Supplied entries:
•••
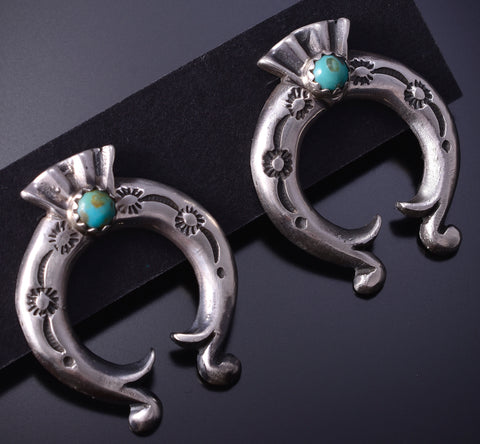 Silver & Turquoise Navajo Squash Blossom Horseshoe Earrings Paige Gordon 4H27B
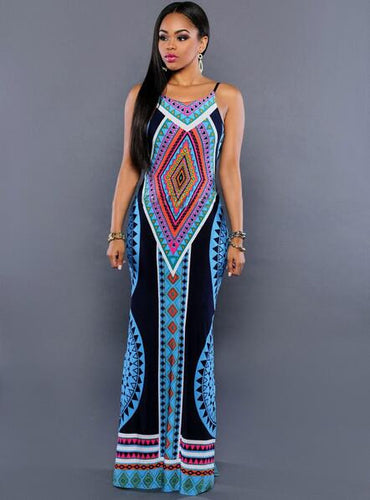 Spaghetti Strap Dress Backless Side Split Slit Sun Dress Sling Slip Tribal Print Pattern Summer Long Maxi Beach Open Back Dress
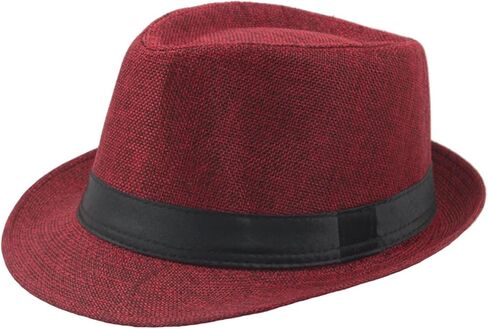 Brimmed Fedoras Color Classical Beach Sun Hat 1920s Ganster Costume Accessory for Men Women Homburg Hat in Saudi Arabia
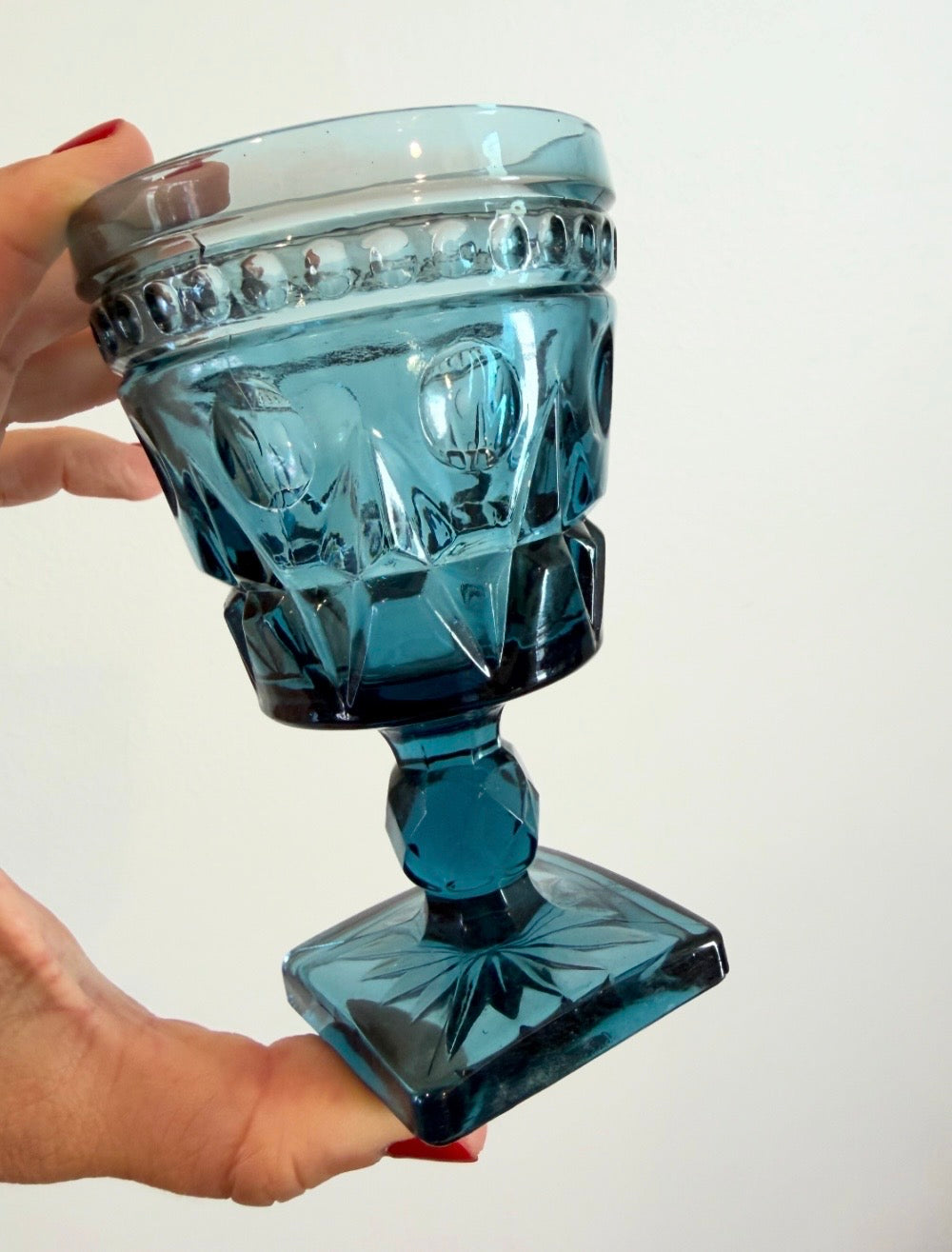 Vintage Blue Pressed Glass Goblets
•••
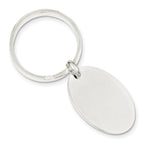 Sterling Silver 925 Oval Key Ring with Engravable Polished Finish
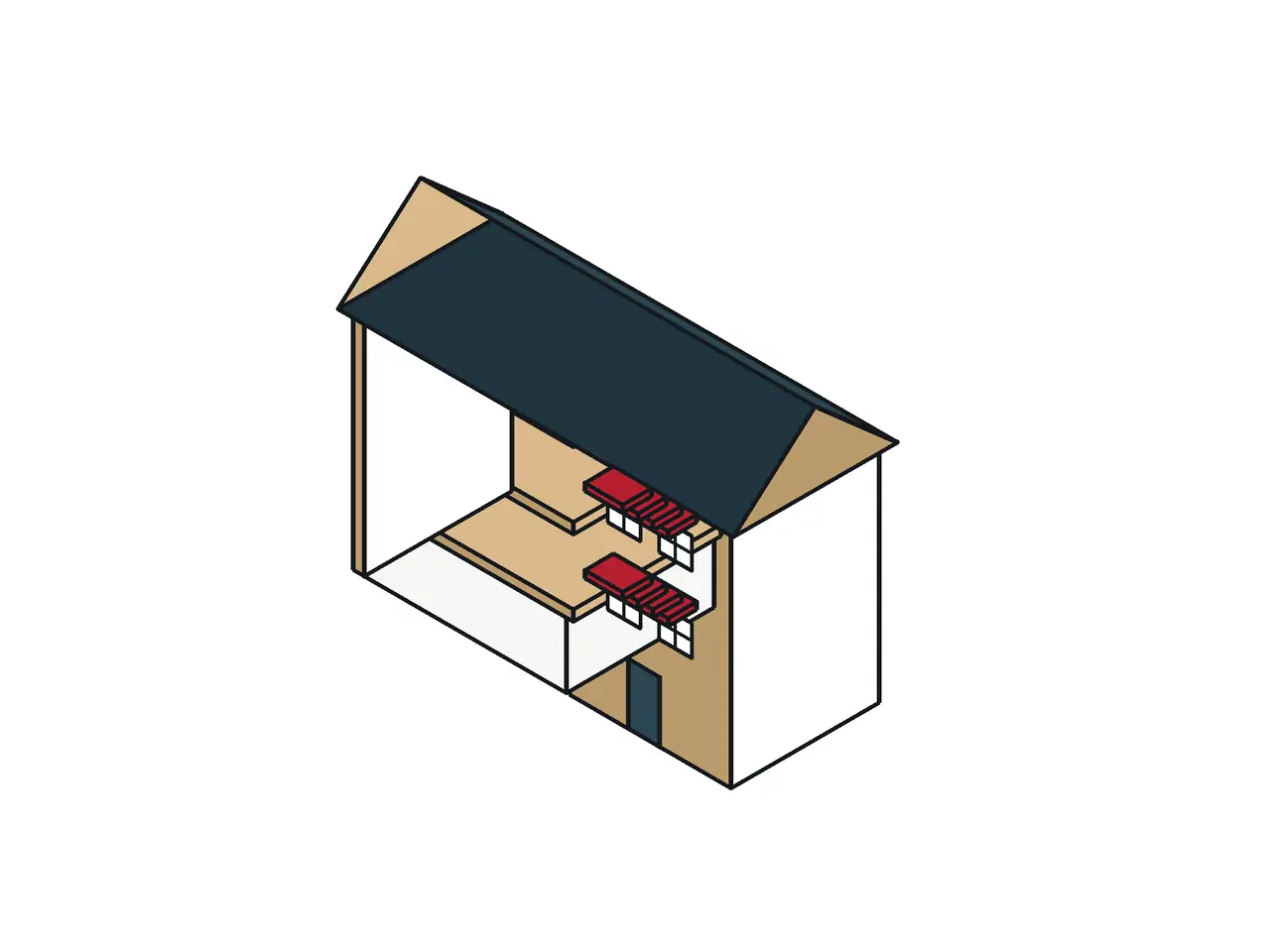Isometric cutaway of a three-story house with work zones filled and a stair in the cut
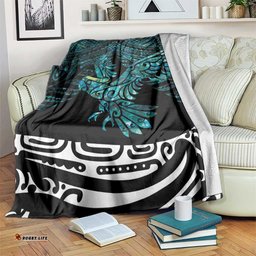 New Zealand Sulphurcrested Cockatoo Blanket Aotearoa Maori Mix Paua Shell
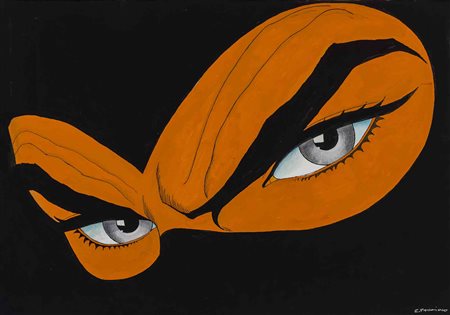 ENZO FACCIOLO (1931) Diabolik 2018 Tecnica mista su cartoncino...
•••
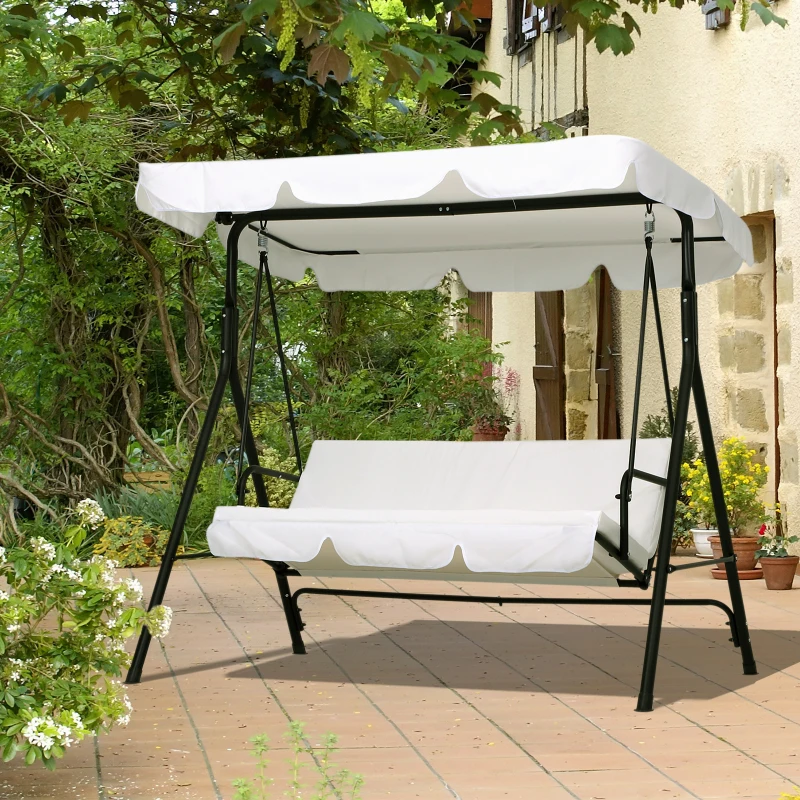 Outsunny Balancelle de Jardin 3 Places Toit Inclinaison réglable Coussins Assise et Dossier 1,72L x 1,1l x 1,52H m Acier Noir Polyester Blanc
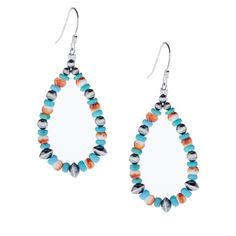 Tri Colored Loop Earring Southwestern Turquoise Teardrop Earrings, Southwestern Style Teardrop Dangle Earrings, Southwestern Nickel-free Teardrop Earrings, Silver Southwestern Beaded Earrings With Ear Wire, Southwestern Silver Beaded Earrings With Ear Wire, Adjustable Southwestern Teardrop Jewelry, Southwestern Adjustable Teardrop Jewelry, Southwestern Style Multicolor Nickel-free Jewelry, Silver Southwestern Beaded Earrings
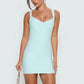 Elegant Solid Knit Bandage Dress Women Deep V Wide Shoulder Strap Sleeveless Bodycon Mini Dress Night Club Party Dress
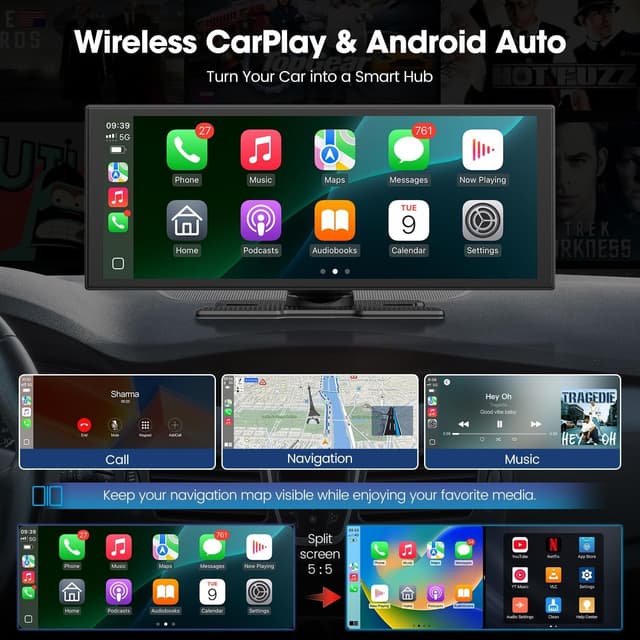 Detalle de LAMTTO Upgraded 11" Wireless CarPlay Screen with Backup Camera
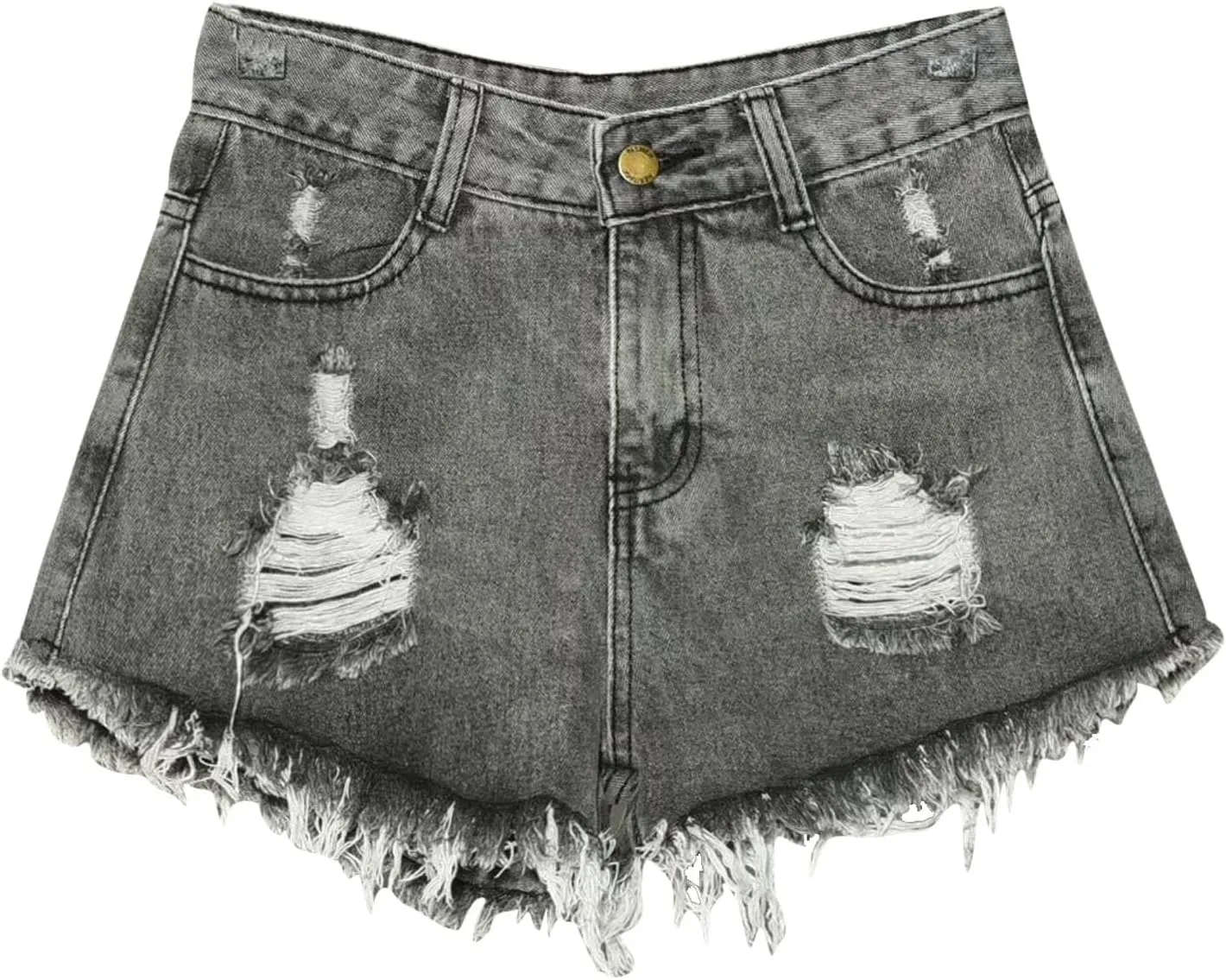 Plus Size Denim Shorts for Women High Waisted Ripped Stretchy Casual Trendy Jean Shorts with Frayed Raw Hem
•••
Problem requirements: Give back the exact lines above, running from the one that has "Tri Colored Loop" through the one that has "Detalle de LAMTTO", with nothing added and no pictures.

Answer to this exercise:
 Tri Colored Loop Earring Southwestern Turquoise Teardrop Earrings, Southwestern Style Teardrop Dangle Earrings, Southwestern Nickel-free Teardrop Earrings, Silver Southwestern Beaded Earrings With Ear Wire, Southwestern Silver Beaded Earrings With Ear Wire, Adjustable Southwestern Teardrop Jewelry, Southwestern Adjustable Teardrop Jewelry, Southwestern Style Multicolor Nickel-free Jewelry, Silver Southwestern Beaded Earrings
 Elegant Solid Knit Bandage Dress Women Deep V Wide Shoulder Strap Sleeveless Bodycon Mini Dress Night Club Party Dress
 Detalle de LAMTTO Upgraded 11" Wireless CarPlay Screen with Backup Camera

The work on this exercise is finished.